Task statement -
At the line containing "Embroidered Georgette Pakistani", begin an exact copy, and continue through the last line of the entries below. Leave out any pictures.

Task data -
★ ★ ★ ★ ★

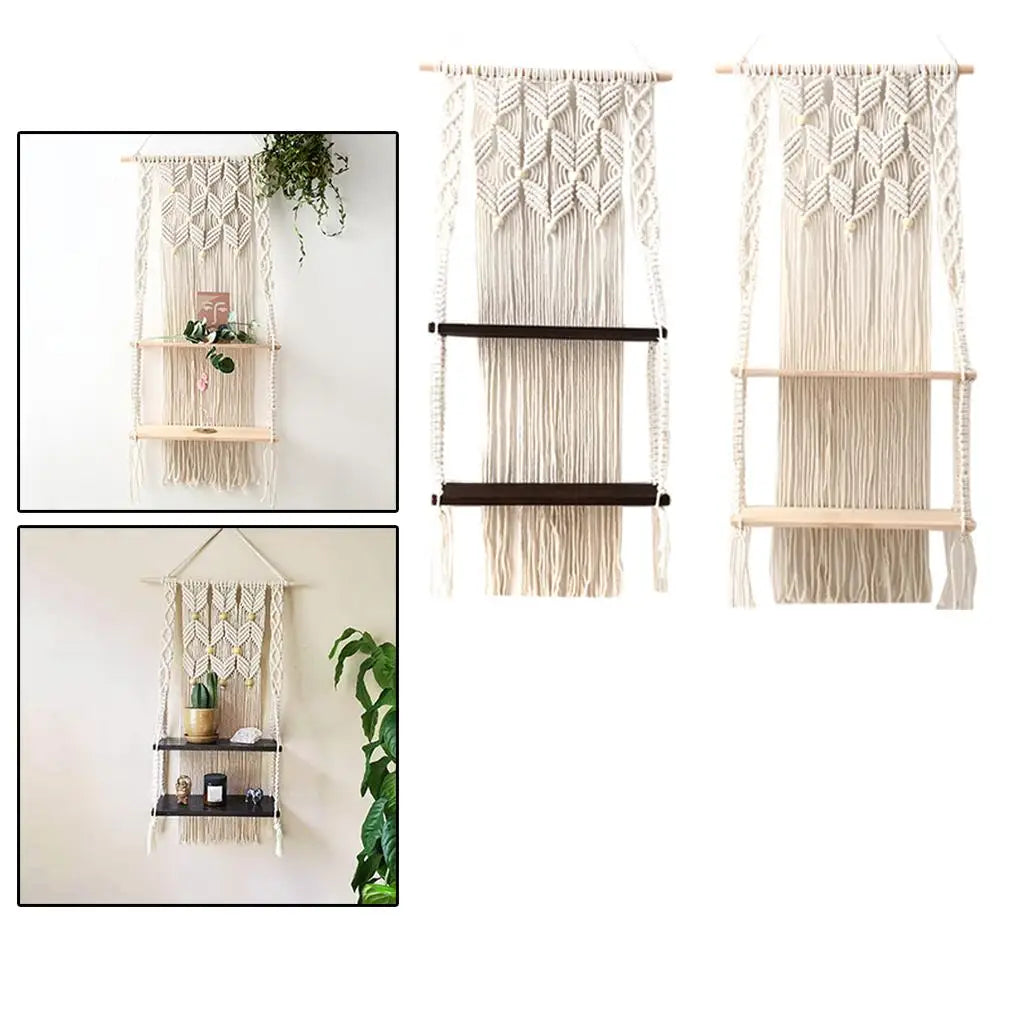 Macrame Wall Hanging Shelf 2-Tier Boho Wall Decor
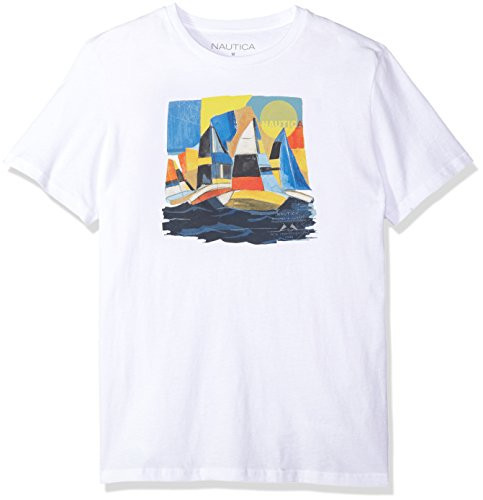 Nautica Men's Short Sleeve Signature Graphic Crewneck T-Shirt, Bright White X-Large
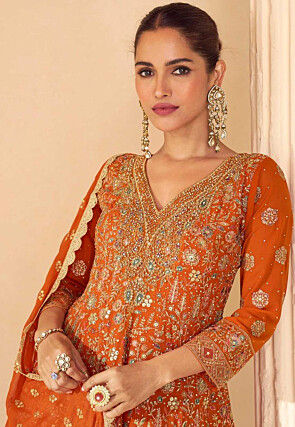 Embroidered Georgette Pakistani Suit in Orange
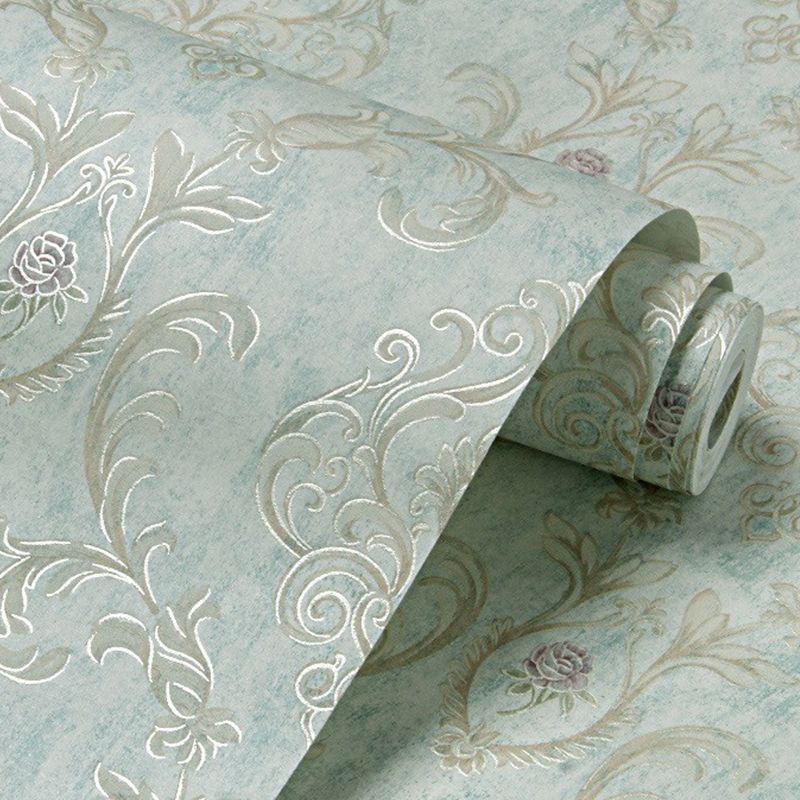 Non-Woven Unpasted Wallpaper Retro Scroll Flower Patterned Wall Covering for Accent Wall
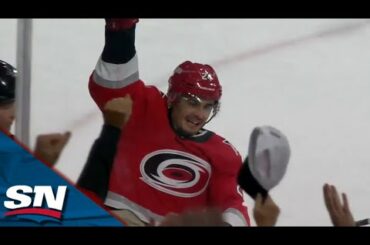 Hurricanes' Seth Jarvis Completes First NHL Hat Trick With Slick Breakaway Goal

★ ★ ★ ★ ★

Your solution -
 Embroidered Georgette Pakistani Suit in Orange
 Non-Woven Unpasted Wallpaper Retro Scroll Flower Patterned Wall Covering for Accent Wall
 Hurricanes' Seth Jarvis Completes First NHL Hat Trick With Slick Breakaway Goal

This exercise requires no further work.